Could you give back exactly the lines below from the one with "Red Glitter Lipstick Earrings - Sour Cherry" through the one with "Imagem de 3", without a single picture?

***** Task data *****

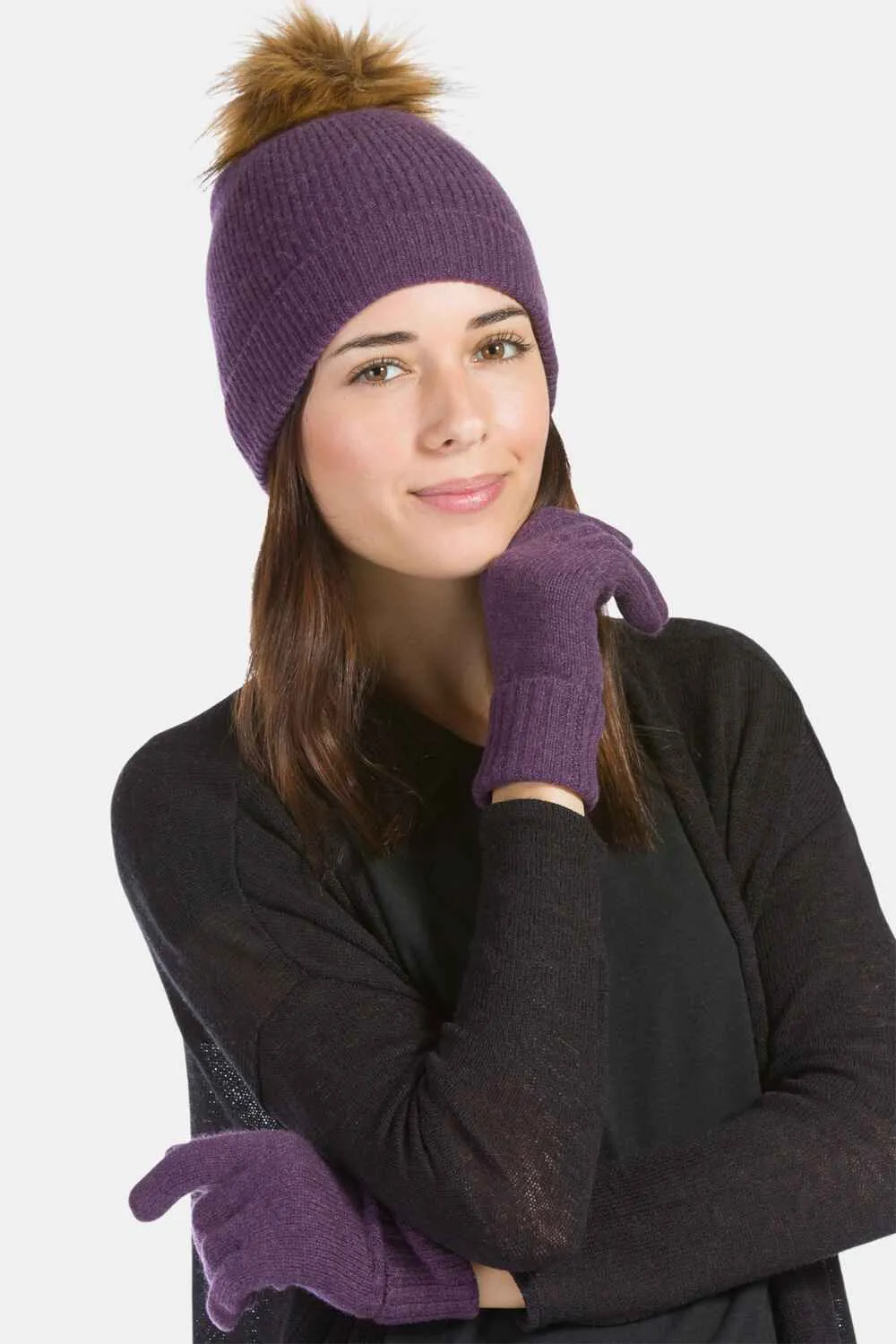Women's 2pc 100% Cashmere Pom Beanie Hat & Glove Set - OUTLET - FINAL SALE
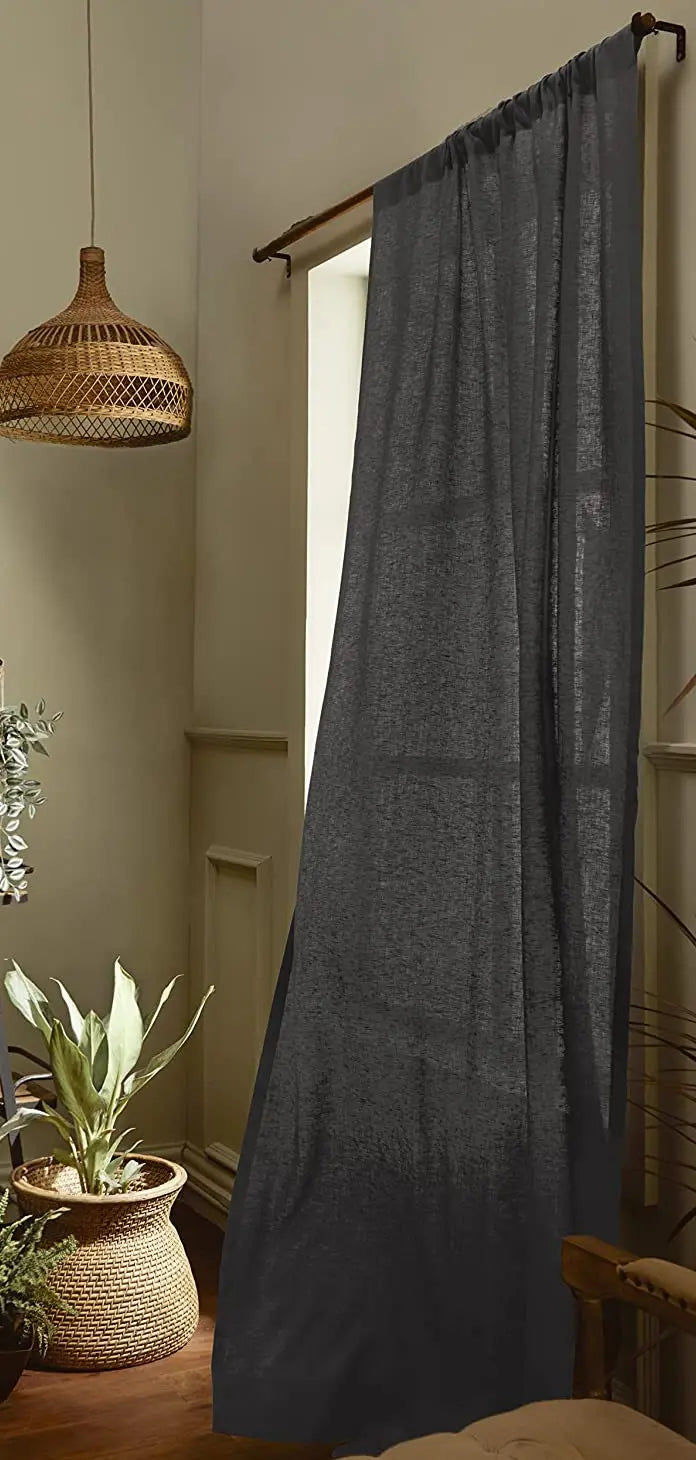 Charcoal Grey - 100% Pure Linen Curtains | Cotton Linen Mix | Two - Puck's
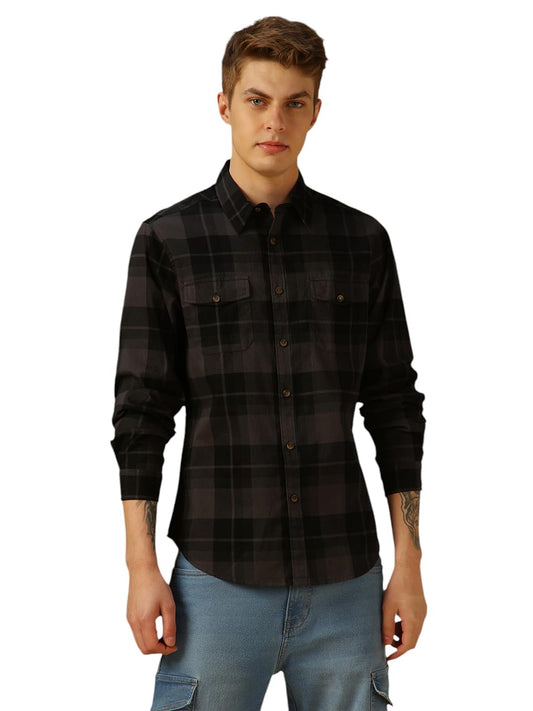 Dennis Lingo Men Grey Checks Cotton Regular Fit Full Sleeve Shirt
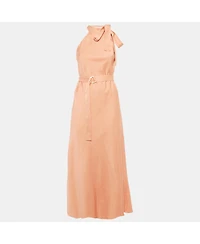 Pre-Owned Zimmermann Women's Peach Dupion Neck Tie Detail Midi Dress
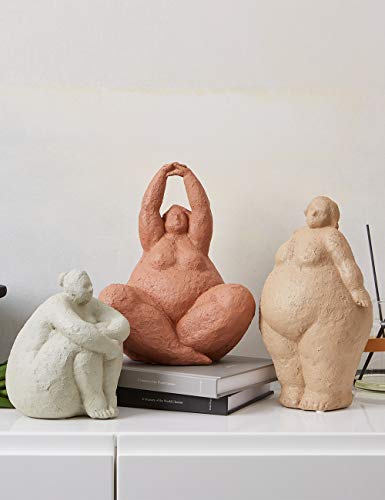 HAUCOZE Lady Sculpture Woman Figurine Gift Modern Home Decor Statue for Living Room Bedroom Office Polyresin 10 Inch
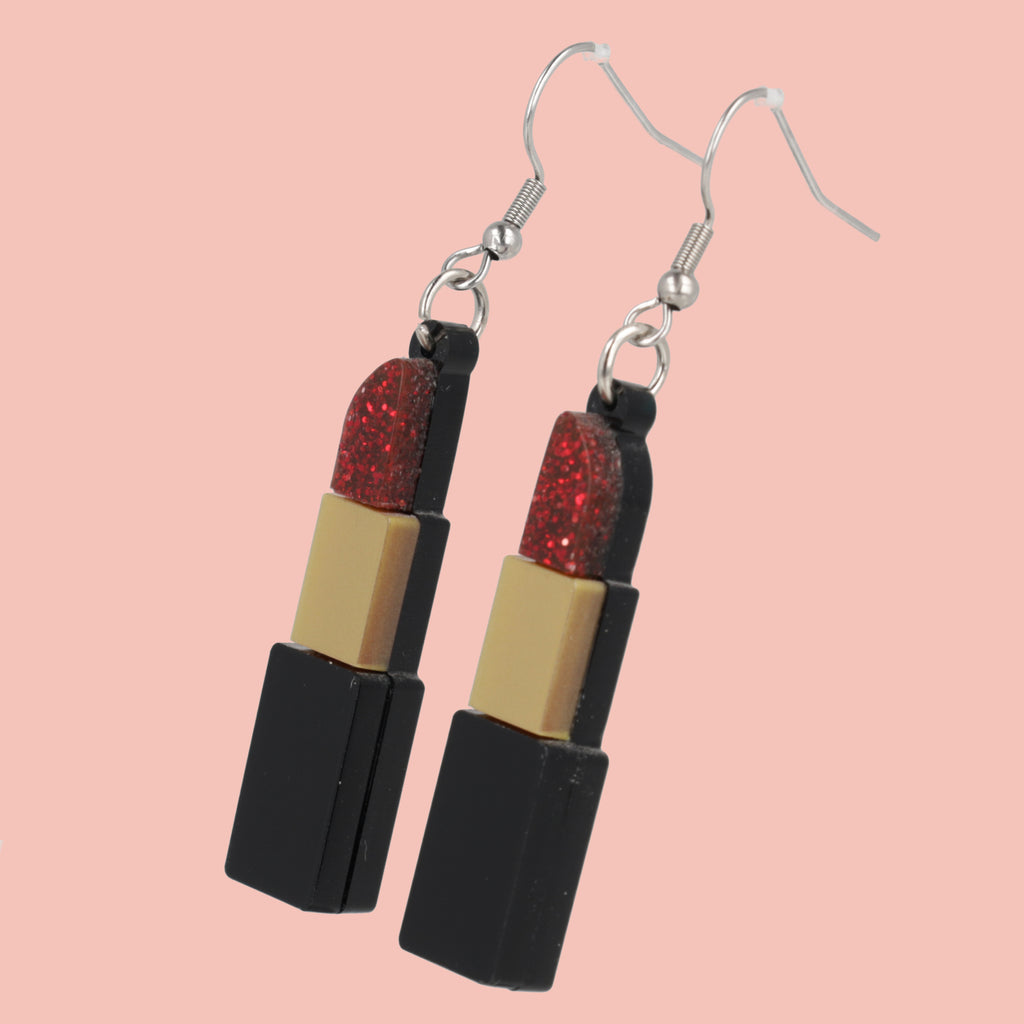 Red Glitter Lipstick Earrings - Sour Cherry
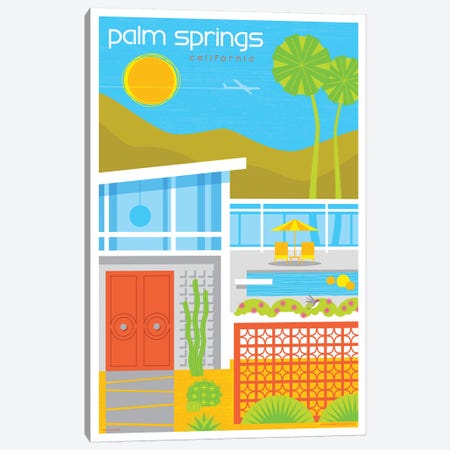 Palm Springs Mid Century House Travel Poster Canvas Print #JZA31} by Jim Zahniser Canvas Print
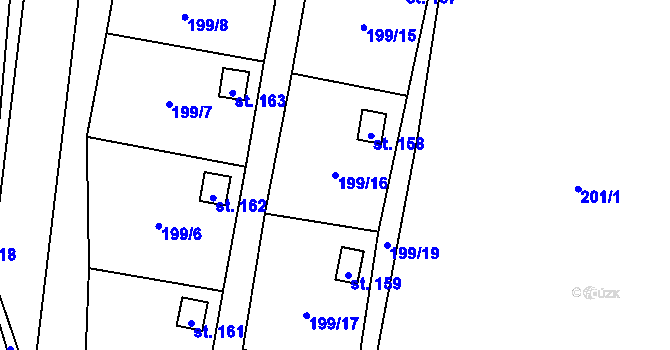 Parcela st. 199/16 v KÚ Myšenec, Katastrální mapa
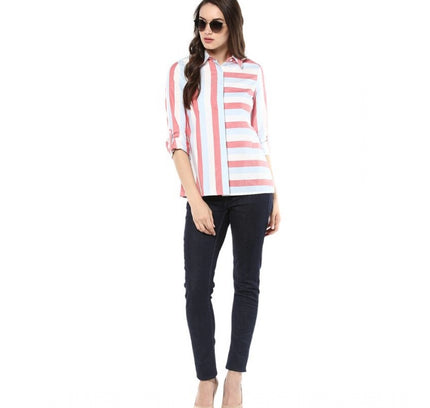 Women's Cotton Striped Roll Up Sleeve Regular Top (Red)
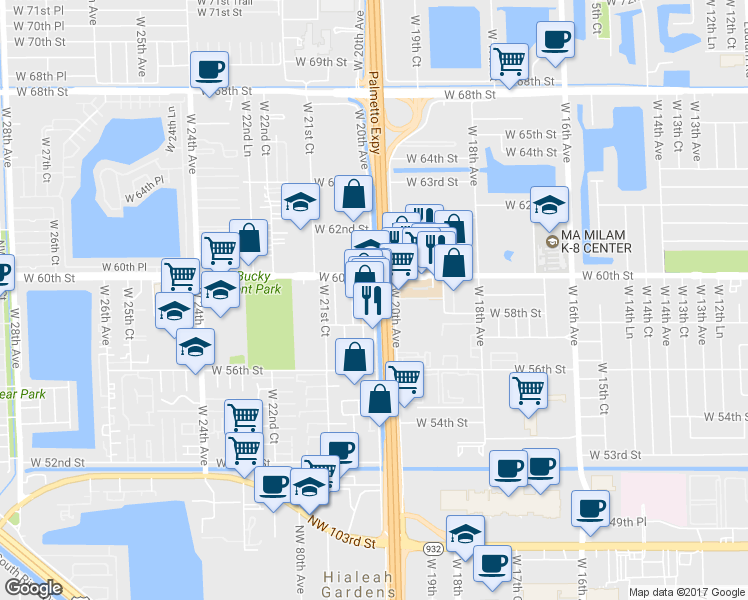 map of restaurants, bars, coffee shops, grocery stores, and more near 5904 West 20th Avenue in Hialeah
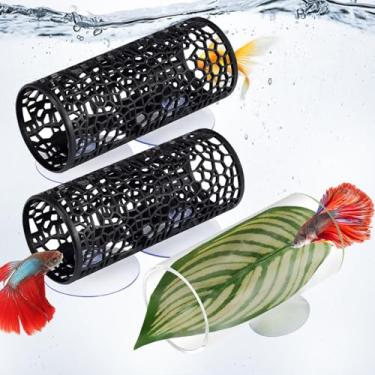 Imagem de 3 peças de acessórios para aquários de peixes Betta preto túnel Betta Túnel para Peixes de Rede Oca Caverna Decoração de Aquário para Pequenos Animais Aquáticos com Ventosas Camarão Répteis Guppies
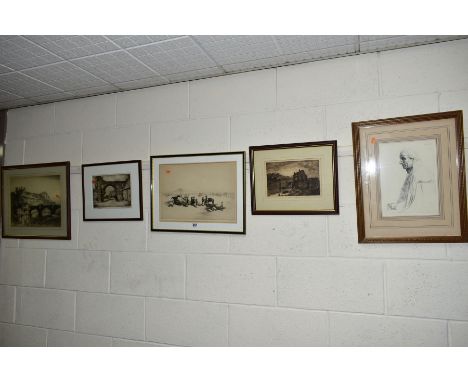 FIVE ETCHINGS to include Sidney Tushingham 'Traders Outside a Castle', signed to margin, Albany Howarth, 'Richmond, Yorks' un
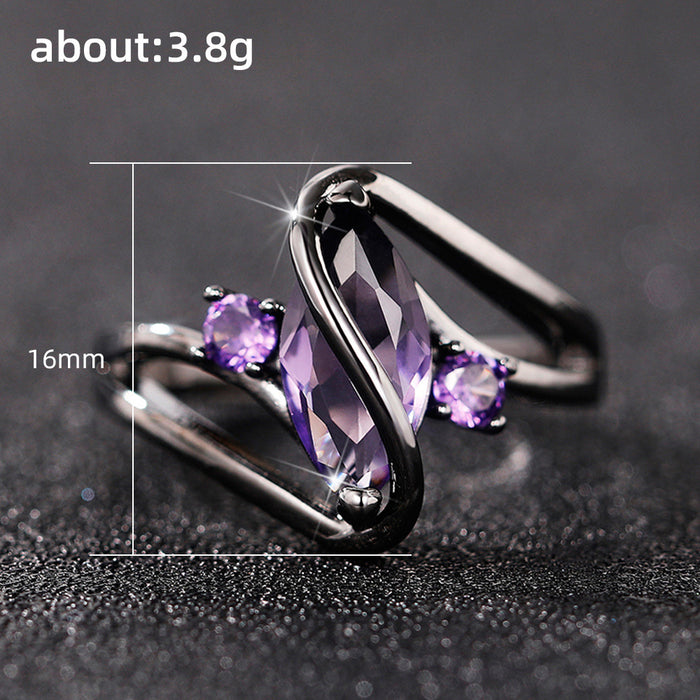 Horse eye ring electroplated gun black purple zircon ring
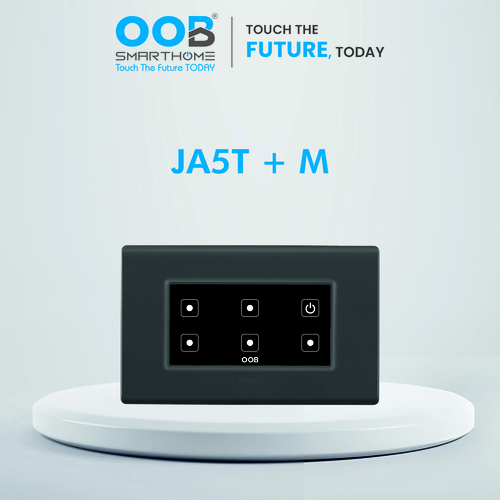 Nubee Home Automation Modular Touch Switch Jade Series Ja5T - Color: Black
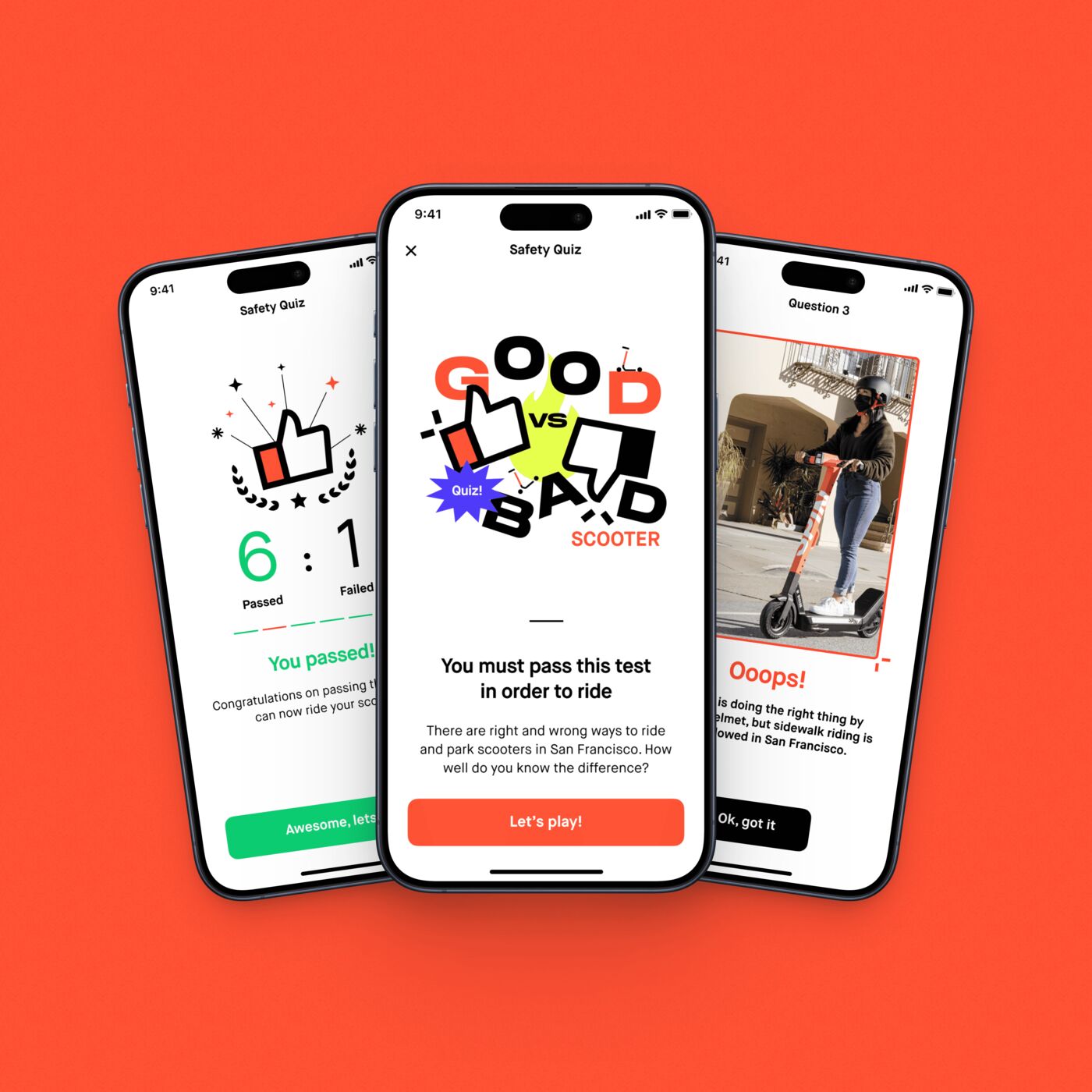 Three phones showing the Spin Safety Quiz: Good vs Bad Scooter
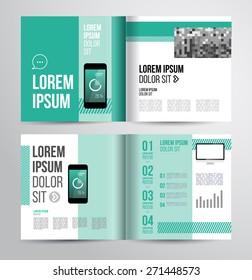 Dynamic brochure template design with green style. Cover layout and infographics. For presentation or brochure.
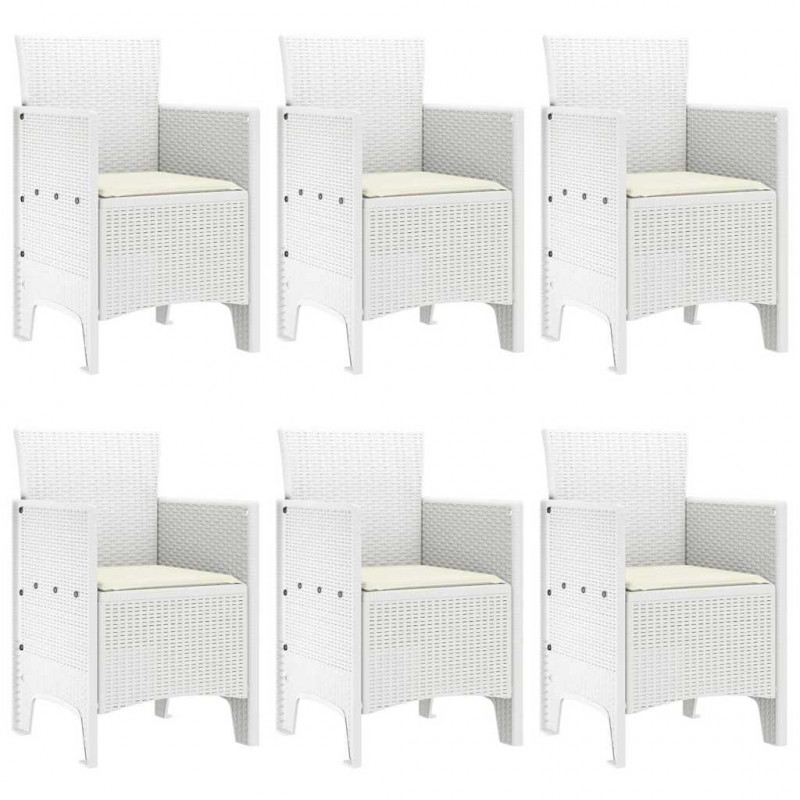 Zestaw do jadalni w ogrodzie 7 pcs Biały Rattan Polt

*****

» **Task result**:
 Red Glitter Lipstick Earrings - Sour Cherry
 Palm Springs Mid Century House Travel Poster Canvas Print #JZA31} by Jim Zahniser Canvas Print
 Parcela st. 199/16 v KÚ Myšenec, Katastrální mapa
 Women's Cotton Striped Roll Up Sleeve Regular Top (Red)
 map of restaurants, bars, coffee shops, grocery stores, and more near 5904 West 20th Avenue in Hialeah
 Imagem de 3 peças de acessórios para aquários de peixes Betta preto túnel Betta Túnel para Peixes de Rede Oca Caverna Decoração de Aquário para Pequenos Animais Aquáticos com Ventosas Camarão Répteis Guppies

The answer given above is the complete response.